What is “The Ick” and how do you get it?

If you’ve noticed people on social meeds mentioning “The Ick,” here’s what’s going on: The ick refers to a sudden feeling of revulsion for a person you’re dating—that moment when you realize that the person you’ve idealized is actually kind of gross, awkward, or even just human. The hashtag over on TikTok features a ton of videos of people explaining how they got the ick. Some people get the ick from noticing a guy has abnormally long fingernails. You might be giving people the ick by awkwardly mounting your bicycle, wearing denim shorts, skinny jeans, or a Spider-man costume. Users are even giving themselves the ick to get over failed relationships, imagining their exes doing horrifically human things so it doesn’t hurt as badly. Maybe the ick is a what happens when the idealized personas we create online world meet our stupid, smelly meat-sack selves, or maybe it’s just an amusing little joke. You decide.

The Northman poster mistake gets memed

Something is going on with the marketing campaign for upcoming movie The Northman. The posters on subways in New York City tell you everything you need to know about the film: It was made by Robert Eggers (The Witch and The Lighthouse), it stars Nicole Kidman, Willem Dafoe, and freakin’ Bjork, it’s about Vikings. The only thing missing from the poster is the title of the movie. Someone is really dumb, and forgot to put the title on the poster, or really smart and is hoping to gain some online meme-magic with an obvious omission. I think it’s the latter, because people online are noticing and sharing. Some are calling out the person who forgot to include the title, or pointing out that it looks like a mobile game ad, but the best memes are the ones that add another movie’s title.

Viral video of the week: Were “The Backrooms” discovered on Google Earth?

To fully understand this week’s viral video, you first have to burrow into one of the internet’s strangest rabbit holes. TikTok user yeetme084 posted this video of a discovery they supposedly made on Google Maps. Over de-tuned music, with the caption, “nah wtf they hiding in Japan?” the video zooms in on a strange circular building, then switches to Streetview to reveal its interior—a bland but vast collection of cubicles, and a pit that goes down to…somewhere. Over 20 million people have viewed it so far, and judging from the comments and discussions, many think this TikToker had found the legendary “Backrooms.”

The Backrooms” is an internet urban legend—a dreamlike, endless maze of empty, randomly generated, office rooms you can supposedly enter only by “no-clipping” through reality. The idea of this and other “liminal spaces” has captured the imagination of people across the internet who are drawn to the locations that are disquieting for reasons that can’t quite be explained. They make games, short films, and post uncanny photos of places that evoke inexplicable dread.

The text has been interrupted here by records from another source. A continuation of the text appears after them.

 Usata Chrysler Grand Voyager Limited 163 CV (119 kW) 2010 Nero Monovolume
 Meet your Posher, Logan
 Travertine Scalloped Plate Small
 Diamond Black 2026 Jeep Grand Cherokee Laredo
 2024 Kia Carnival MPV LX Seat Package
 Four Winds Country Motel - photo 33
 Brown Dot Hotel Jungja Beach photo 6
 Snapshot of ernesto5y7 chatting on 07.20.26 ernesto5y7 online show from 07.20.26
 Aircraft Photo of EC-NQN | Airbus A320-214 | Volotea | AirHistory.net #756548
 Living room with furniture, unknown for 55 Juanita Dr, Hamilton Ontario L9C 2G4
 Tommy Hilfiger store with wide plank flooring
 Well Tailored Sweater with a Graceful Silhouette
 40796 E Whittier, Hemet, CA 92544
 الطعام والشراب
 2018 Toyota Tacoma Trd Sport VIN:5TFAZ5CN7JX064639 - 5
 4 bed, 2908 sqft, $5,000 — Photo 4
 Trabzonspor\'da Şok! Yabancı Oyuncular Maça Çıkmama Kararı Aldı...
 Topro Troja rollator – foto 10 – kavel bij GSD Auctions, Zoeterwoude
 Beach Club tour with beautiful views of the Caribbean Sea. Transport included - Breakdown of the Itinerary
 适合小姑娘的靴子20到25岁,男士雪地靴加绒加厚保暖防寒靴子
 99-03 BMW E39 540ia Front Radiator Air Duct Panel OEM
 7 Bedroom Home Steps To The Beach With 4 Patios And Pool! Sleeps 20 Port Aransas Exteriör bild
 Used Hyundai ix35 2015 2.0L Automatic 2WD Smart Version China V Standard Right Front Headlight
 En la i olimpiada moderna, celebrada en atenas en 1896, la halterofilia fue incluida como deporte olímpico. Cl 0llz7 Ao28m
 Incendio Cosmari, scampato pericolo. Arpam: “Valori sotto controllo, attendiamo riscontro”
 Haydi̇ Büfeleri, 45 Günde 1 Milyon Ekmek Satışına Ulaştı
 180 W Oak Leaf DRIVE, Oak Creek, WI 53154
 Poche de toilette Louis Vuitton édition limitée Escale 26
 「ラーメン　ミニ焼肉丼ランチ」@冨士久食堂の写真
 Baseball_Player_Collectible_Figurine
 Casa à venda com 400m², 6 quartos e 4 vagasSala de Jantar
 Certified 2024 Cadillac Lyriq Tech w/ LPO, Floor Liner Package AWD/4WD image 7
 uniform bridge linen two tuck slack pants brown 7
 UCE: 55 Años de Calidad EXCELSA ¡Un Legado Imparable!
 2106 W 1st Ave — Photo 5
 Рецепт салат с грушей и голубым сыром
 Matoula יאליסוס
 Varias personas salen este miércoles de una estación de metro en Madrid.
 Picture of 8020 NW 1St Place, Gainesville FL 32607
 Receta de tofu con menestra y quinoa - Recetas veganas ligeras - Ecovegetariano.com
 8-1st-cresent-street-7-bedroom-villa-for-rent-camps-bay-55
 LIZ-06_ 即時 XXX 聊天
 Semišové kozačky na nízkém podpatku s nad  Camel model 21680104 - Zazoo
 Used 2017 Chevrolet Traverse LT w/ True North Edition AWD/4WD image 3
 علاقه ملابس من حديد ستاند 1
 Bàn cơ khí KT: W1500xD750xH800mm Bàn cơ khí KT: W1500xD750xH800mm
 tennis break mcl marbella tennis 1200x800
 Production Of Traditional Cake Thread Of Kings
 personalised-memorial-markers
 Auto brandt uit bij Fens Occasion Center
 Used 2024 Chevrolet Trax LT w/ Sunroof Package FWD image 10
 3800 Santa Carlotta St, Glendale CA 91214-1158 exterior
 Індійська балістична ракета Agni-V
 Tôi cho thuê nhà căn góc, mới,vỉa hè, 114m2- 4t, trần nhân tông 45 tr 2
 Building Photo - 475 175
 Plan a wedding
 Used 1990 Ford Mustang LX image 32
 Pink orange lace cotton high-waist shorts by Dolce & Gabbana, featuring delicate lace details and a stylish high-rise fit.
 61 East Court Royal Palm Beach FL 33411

Internet detectives zeroed in on the coordinates on yeetme084’s video and found they point to Nara Dreamland, a Japanese amusement park that has been closed and left to decay since 2006. A popular spot for urban explorers of abandoned places, Nara Dreamland is the perfect location for a space between the real world and whatever there is that we can’t see. Soon videos of other backroom locations all over the world were discovered on Google maps and Streetview.

It’s such a good, creepy story that I almost hate to spoil it, but the videos are of this world. That is to say, they’re fakes, part of an alternative reality game too tedious to care about. This YouTuber explains the whole thing, if you’re one of those “reality” kind of people.